* Work instruction *
Repeat the listing that follows character for character, omitting images.
'''
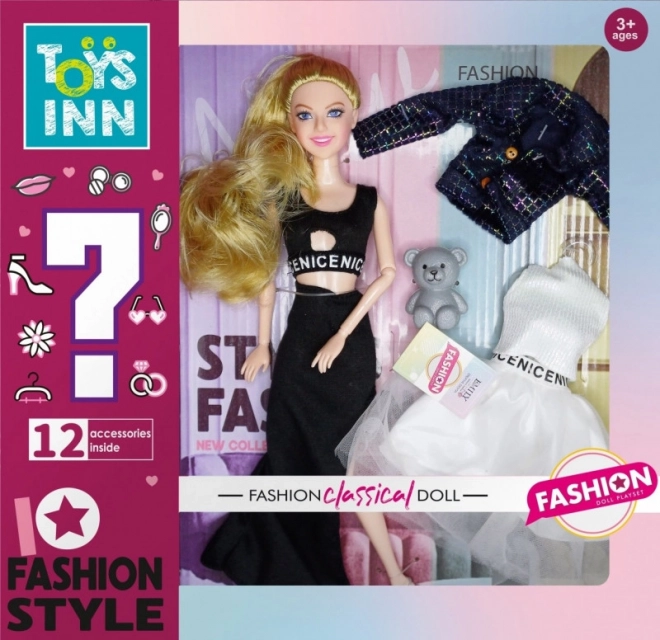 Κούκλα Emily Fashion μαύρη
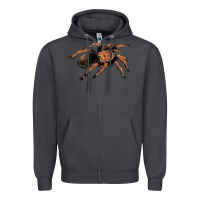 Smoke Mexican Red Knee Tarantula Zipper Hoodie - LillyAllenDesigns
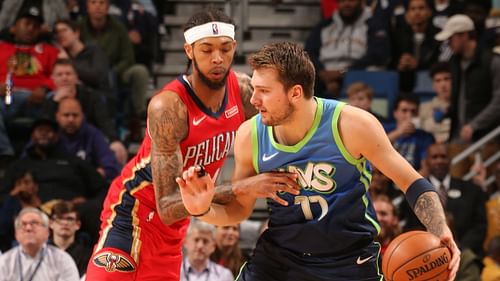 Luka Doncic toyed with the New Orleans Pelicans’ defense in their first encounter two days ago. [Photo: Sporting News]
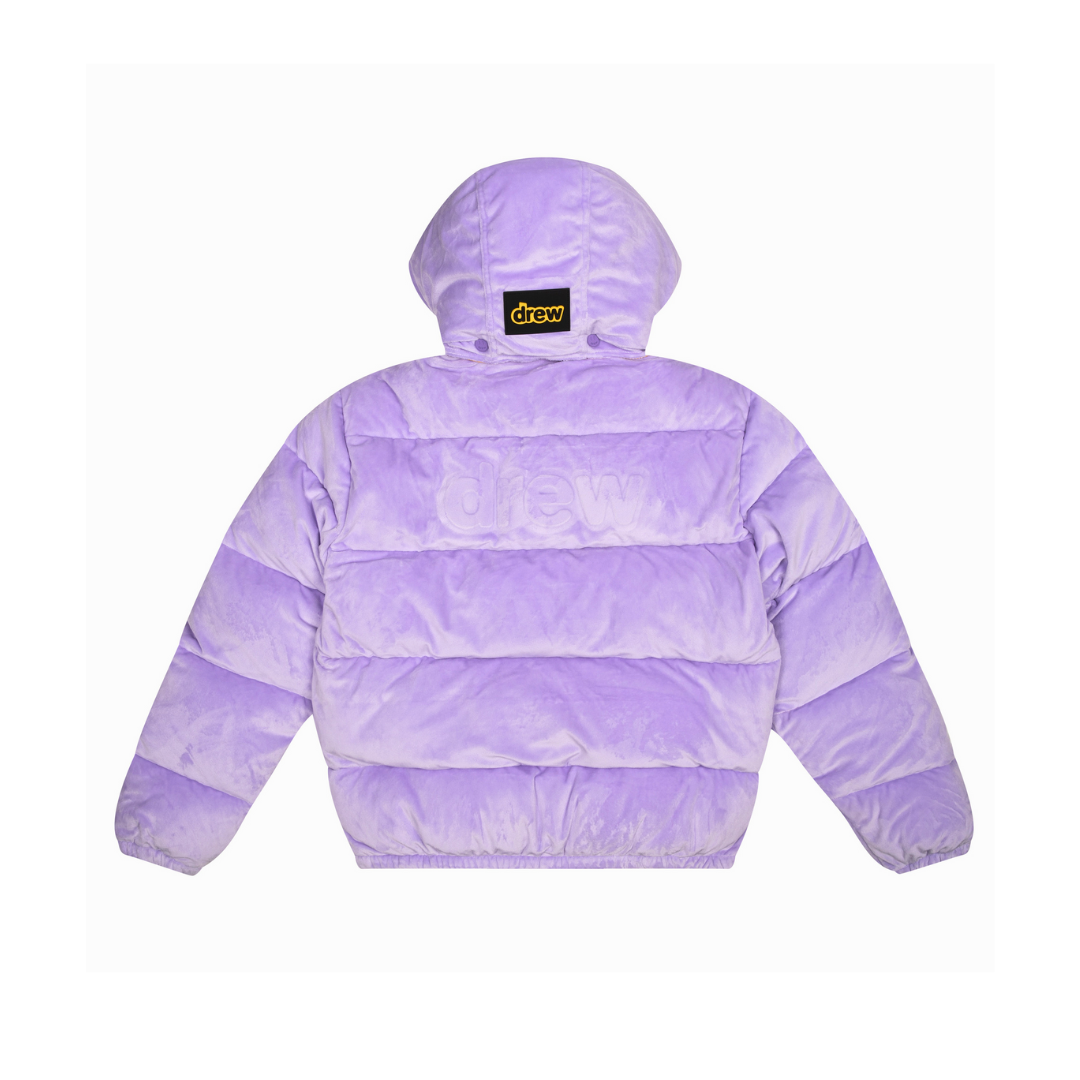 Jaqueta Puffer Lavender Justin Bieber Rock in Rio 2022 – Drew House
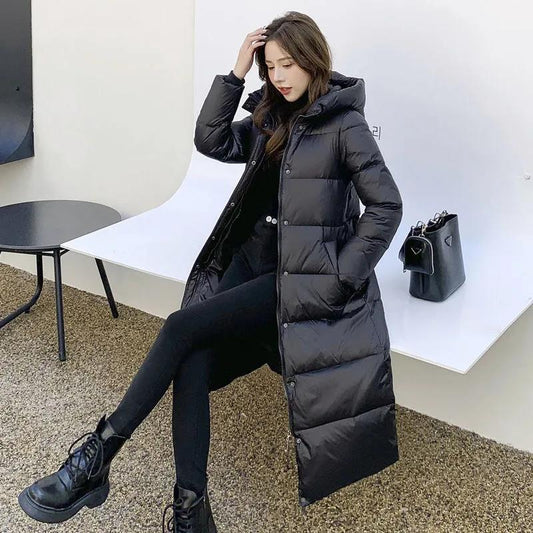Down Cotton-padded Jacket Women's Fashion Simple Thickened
'''
* Exercise response *
 Κούκλα Emily Fashion μαύρη
 Smoke Mexican Red Knee Tarantula Zipper Hoodie - LillyAllenDesigns
 Luka Doncic toyed with the New Orleans Pelicans’ defense in their first encounter two days ago. [Photo: Sporting News]
 Jaqueta Puffer Lavender Justin Bieber Rock in Rio 2022 – Drew House
Down Cotton-padded Jacket Women's Fashion Simple Thickened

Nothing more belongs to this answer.